Ok, let's use the following information to very roughly estimate the size of the nucleus. Rutherford, Geiger, and Marsden (his students) fired a beam of alpha particles at a gold foil. The alpha particles had an energy of about 3.70 million electron volts, a charge of +2e, and a mass of about four AMU (one Atomic Mass Unit is 1.66 x 10-27 kg. Gold has atomic number 79.
How close could the alpha particles get to the gold nucleus?
change ev to joules.
work to get close= KE= integral force*dx
the integral is from inf to d, you are looking for d.
KEinJoules= INT kQq/x^2 dx= -kQq/x
and over the limit,
ke in joules= kQq/d solve for d.
Advertising, public
To estimate how close the alpha particles could get to the gold nucleus, we can use Rutherford's scattering formula. This formula relates the impact parameter (b), which is the distance between the path of the alpha particle and the center of the gold nucleus, to the energy (E) and charge (q) of the alpha particle.
The formula is:
b = Z * (q^2) / (4 * π * ε * E)
Where:
b = impact parameter (distance between the path of the alpha particle and the center of the gold nucleus)
Z = atomic number of the gold nucleus (79 in this case)
q = charge of the alpha particle (+2e, where e = elementary charge)

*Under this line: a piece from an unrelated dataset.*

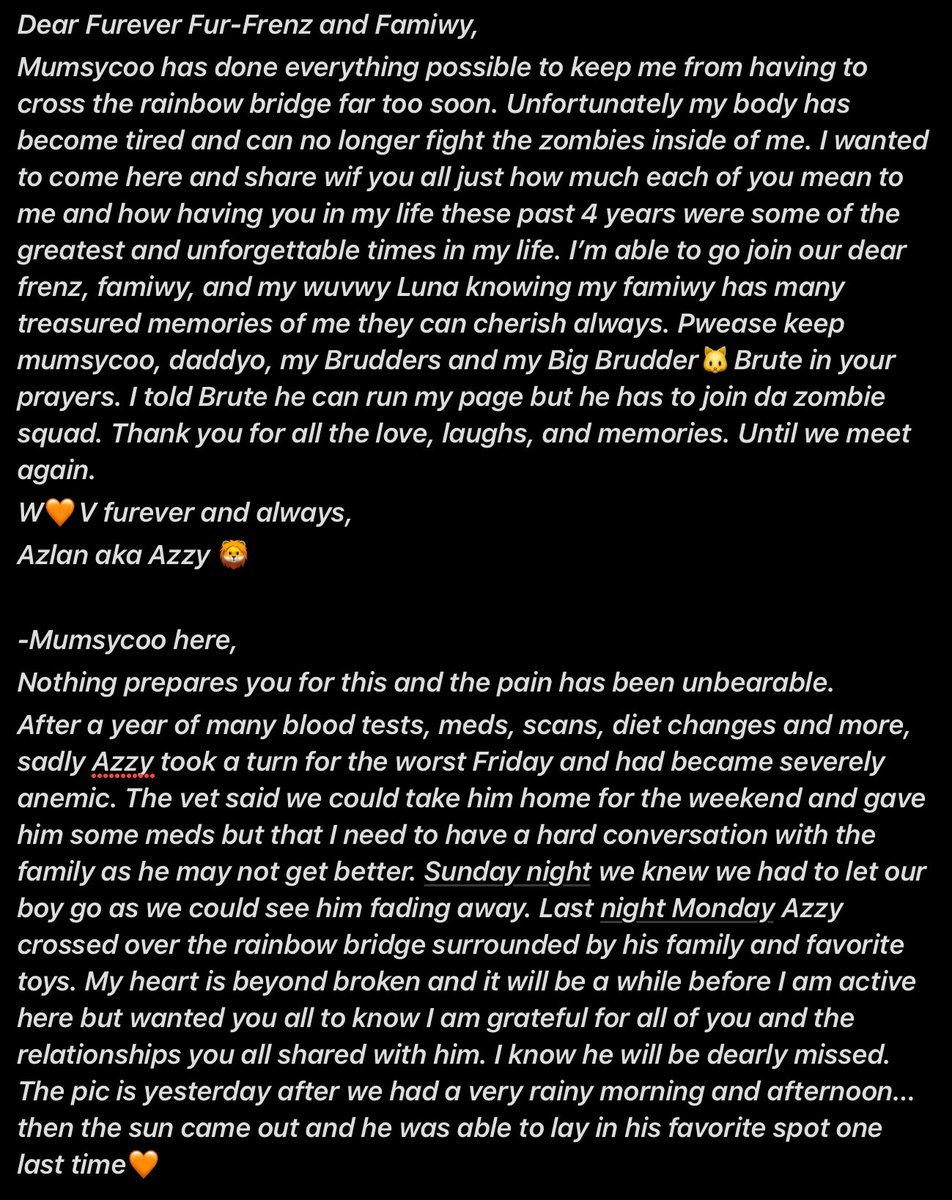 It breaks my already broken heart to tell you our Azzy has crossed over the rainbow bridge. I can’t even begin to tell you how grateful I am for the love he endured here with you all. 
He didn’t leave without saying goodbye.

π = Pi (approximately 3.14)
ε = permittivity of free space (approximately 8.85 × 10^-12 F/m)
E = energy of the alpha particle (in joules)
Given:
E = 3.70 million electron volts = 3.70 * 1.6 x 10^-19 J (1eV = 1.6 x 10^-19 J)
q = +2e (where e = 1.6 x 10^-19 C)
Z = atomic number of gold nucleus = 79
Let's calculate the impact parameter (b):
b = 79 * ((2 * 1.6 x 10^-19)^2) / (4 * 3.14 * 8.85 x 10^-12 * 3.70 * 1.6 x 10^-19)
Calculating this equation will give us a rough estimate of how close the alpha particles could get to the gold nucleus.